Irish outfit takes a holistic approach to WEEE

A successful project in Ireland has shown how a holistic approach to dealing with waste from the IT sector can not only meet WEEE objectives but surpass them.

Speaking at the Irish Water, Waste & Environment/Irish Recycling Waste & Management exhibitons last week, Jose Ospina, project manager of the Dublin-based Heatsun initiative explained how his team had taken a wider look at waste.

"Waste computers are the fastest growing waste stream in the EU," he told delegates.

"At the moment most are being exported to developing countries or melted down.

"That kind of recycling is a very energy intensive process and doesn't really make any savings and they could be put to better use by reusing them."

Project Heatsun has taken a multi-faceted approach to this problem, looking at ways to not only reduce waste but to address social issues in Ireland at the same time.

Mr Ospina outlined Ireland's digital divide, with only around 10% of those on low incomes having regular access to IT while for those on higher incomes that figure was around 90%.

Reconditioned computers using useful components from obsolete machines could help bridge this gap, he said.

Project Heatsun is a partnership of the private and public sector and community groups, under the auspices of the EU's LIFE environment programme.

It takes a holistic approach looking at ways to reduce, reuse and recycle computer waste.

To reduce waste the project has undertaken research and development work to produce a Green Computer that attempts to cut out as much waste as possible during the manufacturing process and use environmentally-sensitive materials.

The resulting machine, with distinctive wooden casing, looks set to become the first computer to receive the EU's Ecolabel and has had to meet strict criteria on energy efficiency, emissions, noise pollution and safe components.

Another arm of the project has been busy recycling old machines and their components, while helping to boost the local economy.

Creating around 40 jobs for the long-term unemployed and school leavers having difficulty finding work, the project has set up a workshop where broken or outdated computers are reconditioned to create working machines.

Many of the reconditioned machines are then used by community groups and other social enterprises, with the remainder being sold to the public, often those on low incomes.

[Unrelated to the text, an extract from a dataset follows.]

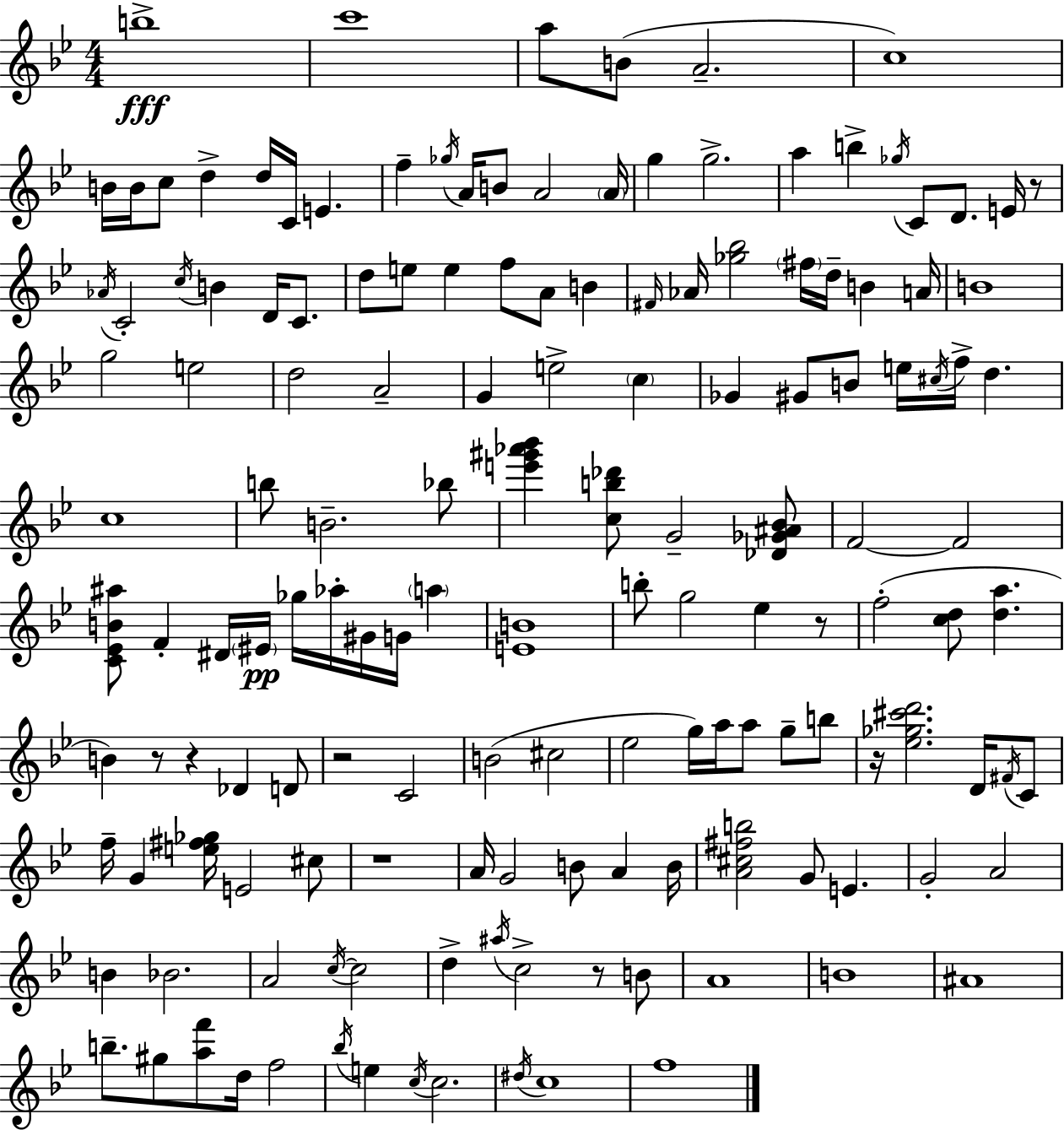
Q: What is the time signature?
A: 4/4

There have also been efforts to work with business to look at less wasteful procurement models so existing machines can be upgraded rather than replaced when they come to the end of their useful life.

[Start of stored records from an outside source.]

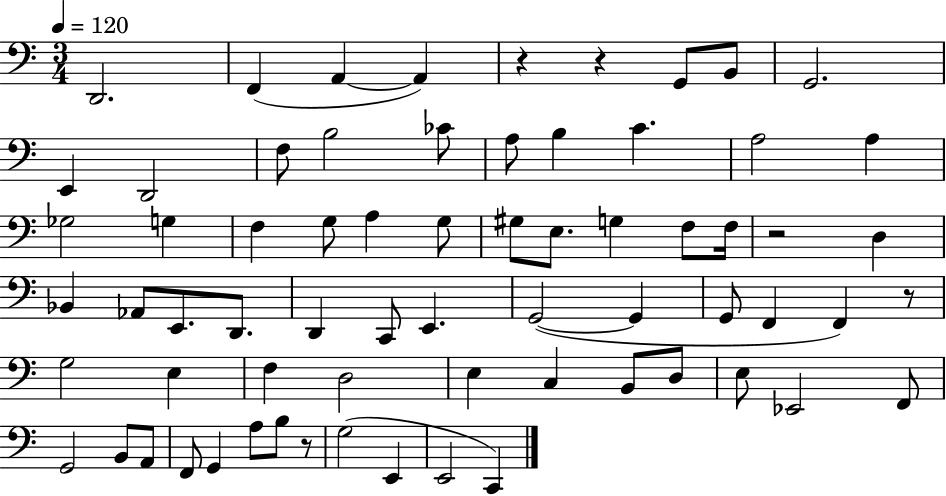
X:1
T:Untitled
M:3/4
L:1/4
K:C
D,,2 F,, A,, A,, z z G,,/2 B,,/2 G,,2 E,, D,,2 F,/2 B,2 _C/2 A,/2 B, C A,2 A, _G,2 G, F, G,/2 A, G,/2 ^G,/2 E,/2 G, F,/2 F,/4 z2 D, _B,, _A,,/2 E,,/2 D,,/2 D,, C,,/2 E,, G,,2 G,, G,,/2 F,, F,, z/2 G,2 E, F, D,2 E, C, B,,/2 D,/2 E,/2 _E,,2 F,,/2 G,,2 B,,/2 A,,/2 F,,/2 G,, A,/2 B,/2 z/2 G,2 E,, E,,2 C,,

The project has not been without its problems, however, though these have provided valuable lessons in themselves.

Marketing the reconditioned machines has uncovered a need to address cultural hang-ups over second hand goods, which are often perceived as lower quality.

"The problem is most people think that anything that's reused is by its nature inferior,"

"This is obviously not true, as a high-spec reused computer is better than a low-spec new one."

The project also found it had to experiment with different ways to structure it collections.

Initially local authorities organised the collection of the IT equipment as they had the experience and infrastructure in place for waste collection.

A series of collection points were set up around the city, usually sharing the site of established recycling bring bins, but this proved ineffective.

"Most of the equipment left there was beyond repair, either because it had been ruined before people left it or because it had been exposed to the elements," said Mr Ospina.

"What we were getting from the civic amenity sites was unfortunately way below our expectations so now we're increasingly looking towards corporate sources as the most reliable way."

The project was well established before the WEEE directive was implemented in Ireland and acts as a beacon of how things could be made to work once it is adopted elsewhere.